Silverfish are teardrop-shaped, silver-grey insects that move with a distinctive wriggling, fish-like dart — the reason for their name. They are among the few nuisance pests that cause genuine property damage: they graze on the starches and sugars in paper, book bindings, wallpaper paste, and natural fabrics, leaving holes and yellow stains behind. In Ontario homes they favour warm, humid, undisturbed spaces — bathrooms, basements, laundry rooms, and the backs of storage closets. Because they breed indoors and can survive months without food, silverfish quietly build populations that persist even in spotless homes. Most Ontario homeowners meet them when they lift a stored box, open an old book, or spot one stranded in a bathtub or sink they can’t climb out of.

Identification

An adult silverfish is 12–19 mm long, flattened, and tapered from a broad head end to a narrow tail, giving it a carrot or teardrop outline. It’s covered in metallic silver-grey scales, has two long antennae at the front, and — the clincher — three long bristle-like appendages projecting from the rear.
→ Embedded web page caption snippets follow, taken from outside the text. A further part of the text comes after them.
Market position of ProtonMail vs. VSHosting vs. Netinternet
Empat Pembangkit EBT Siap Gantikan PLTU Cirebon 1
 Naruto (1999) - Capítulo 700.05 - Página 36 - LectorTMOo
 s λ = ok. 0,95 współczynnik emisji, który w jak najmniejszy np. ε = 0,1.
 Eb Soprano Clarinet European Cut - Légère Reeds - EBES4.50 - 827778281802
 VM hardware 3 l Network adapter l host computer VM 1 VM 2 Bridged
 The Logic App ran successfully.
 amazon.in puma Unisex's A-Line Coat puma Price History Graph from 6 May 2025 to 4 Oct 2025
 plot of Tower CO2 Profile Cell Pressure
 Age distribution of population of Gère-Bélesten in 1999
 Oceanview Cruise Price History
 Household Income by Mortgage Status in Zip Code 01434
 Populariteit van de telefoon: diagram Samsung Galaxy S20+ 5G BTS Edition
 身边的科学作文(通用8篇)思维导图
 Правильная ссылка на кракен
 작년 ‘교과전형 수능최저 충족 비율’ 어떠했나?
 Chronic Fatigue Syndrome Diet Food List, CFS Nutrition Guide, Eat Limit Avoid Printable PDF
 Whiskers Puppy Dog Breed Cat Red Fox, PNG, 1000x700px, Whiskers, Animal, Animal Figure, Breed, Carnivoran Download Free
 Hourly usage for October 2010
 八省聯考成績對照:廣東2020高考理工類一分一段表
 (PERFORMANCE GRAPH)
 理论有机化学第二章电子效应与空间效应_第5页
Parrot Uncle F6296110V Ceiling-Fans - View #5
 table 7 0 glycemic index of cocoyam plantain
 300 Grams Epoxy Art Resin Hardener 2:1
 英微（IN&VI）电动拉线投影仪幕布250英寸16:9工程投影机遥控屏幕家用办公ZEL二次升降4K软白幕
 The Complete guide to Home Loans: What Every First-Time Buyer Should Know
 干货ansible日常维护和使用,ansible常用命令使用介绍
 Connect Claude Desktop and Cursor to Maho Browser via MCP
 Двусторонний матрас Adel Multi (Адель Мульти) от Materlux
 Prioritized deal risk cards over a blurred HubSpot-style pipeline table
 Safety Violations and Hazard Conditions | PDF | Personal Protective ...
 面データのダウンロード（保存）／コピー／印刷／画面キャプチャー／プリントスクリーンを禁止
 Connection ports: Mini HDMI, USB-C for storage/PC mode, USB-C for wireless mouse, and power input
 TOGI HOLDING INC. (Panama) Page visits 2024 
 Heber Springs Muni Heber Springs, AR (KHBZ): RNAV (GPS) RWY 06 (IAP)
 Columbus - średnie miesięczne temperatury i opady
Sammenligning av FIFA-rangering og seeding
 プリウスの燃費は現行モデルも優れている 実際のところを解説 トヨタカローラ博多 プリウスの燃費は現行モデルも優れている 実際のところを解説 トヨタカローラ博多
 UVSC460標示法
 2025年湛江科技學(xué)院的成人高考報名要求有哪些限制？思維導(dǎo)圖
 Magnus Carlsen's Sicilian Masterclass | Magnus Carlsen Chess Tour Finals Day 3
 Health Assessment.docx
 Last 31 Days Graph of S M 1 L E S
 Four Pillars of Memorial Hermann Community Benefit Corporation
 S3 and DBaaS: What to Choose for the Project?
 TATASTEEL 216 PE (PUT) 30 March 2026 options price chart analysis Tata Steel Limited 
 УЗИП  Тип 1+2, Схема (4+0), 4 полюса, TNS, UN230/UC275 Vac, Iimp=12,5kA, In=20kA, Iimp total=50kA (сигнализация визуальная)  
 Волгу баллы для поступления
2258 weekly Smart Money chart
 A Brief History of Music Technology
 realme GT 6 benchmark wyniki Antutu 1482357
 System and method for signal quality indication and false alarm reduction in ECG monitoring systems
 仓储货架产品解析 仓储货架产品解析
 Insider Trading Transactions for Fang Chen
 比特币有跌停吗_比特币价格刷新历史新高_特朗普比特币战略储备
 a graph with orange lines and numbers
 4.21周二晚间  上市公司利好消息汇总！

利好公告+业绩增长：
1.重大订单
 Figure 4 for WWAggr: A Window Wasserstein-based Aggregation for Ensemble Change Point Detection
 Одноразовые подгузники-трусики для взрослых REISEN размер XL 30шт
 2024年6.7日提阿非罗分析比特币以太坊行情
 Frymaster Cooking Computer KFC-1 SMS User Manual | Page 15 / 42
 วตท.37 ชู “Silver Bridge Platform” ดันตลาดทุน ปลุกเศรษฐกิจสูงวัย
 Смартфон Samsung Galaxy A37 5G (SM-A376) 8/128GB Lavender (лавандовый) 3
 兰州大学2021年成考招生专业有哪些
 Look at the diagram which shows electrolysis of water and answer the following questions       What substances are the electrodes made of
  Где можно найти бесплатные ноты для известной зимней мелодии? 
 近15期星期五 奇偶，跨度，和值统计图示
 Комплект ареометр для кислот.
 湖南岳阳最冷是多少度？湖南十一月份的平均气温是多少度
Its movement is unmistakable: a rapid, side-to-side wriggle across floors and walls.

FeatureSilverfishFirebrat
ColourSilvery-grey, metallicMottled grey-brown
Preferred temperatureCool, damp (bathrooms, basements)Hot (near furnaces, ovens, pipes)
Body scalesUniform silver sheenSpeckled, patchy
Three tail bristlesYesYes

The closely related firebrat shares the three-tailed shape but prefers hot spots like boiler rooms and the areas around ovens and hot-water pipes. Silverfish, by contrast, seek out the cool damp — which is why Ontario bathrooms and basements are their classic haunts.

Life Cycle

Silverfish develop through gradual metamorphosis: egg, nymph, adult, with no pupal stage. A female lays eggs a few at a time in cracks and crevices, and nymphs hatch looking like miniature, whitish adults that darken to silver as they mature. Development is slow and depends heavily on humidity — in ideal warm, damp conditions it takes a few months, but it can stretch to years in drier spots. Silverfish are unusually long-lived for insects, surviving up to several years and continuing to moult even as adults. That slow, steady reproduction is why infestations creep up gradually rather than exploding, and why they persist once established.

Habitat & Behaviour

Silverfish are nocturnal, moisture-dependent, and shy of light — they scatter when a basement light flicks on. During the day they shelter in tight, dark cracks: behind baseboards, under flooring, inside wall voids, in stacks of stored paper, and beneath sinks. They favour relative humidity above roughly 75%, which is why bathrooms, basements, laundry areas, and poorly ventilated rooms are their strongholds. They can travel throughout a home in search of food but always return to damp harbourage. Clutter — especially paper, books, and cardboard — is doubly attractive because it offers food and hiding space at once.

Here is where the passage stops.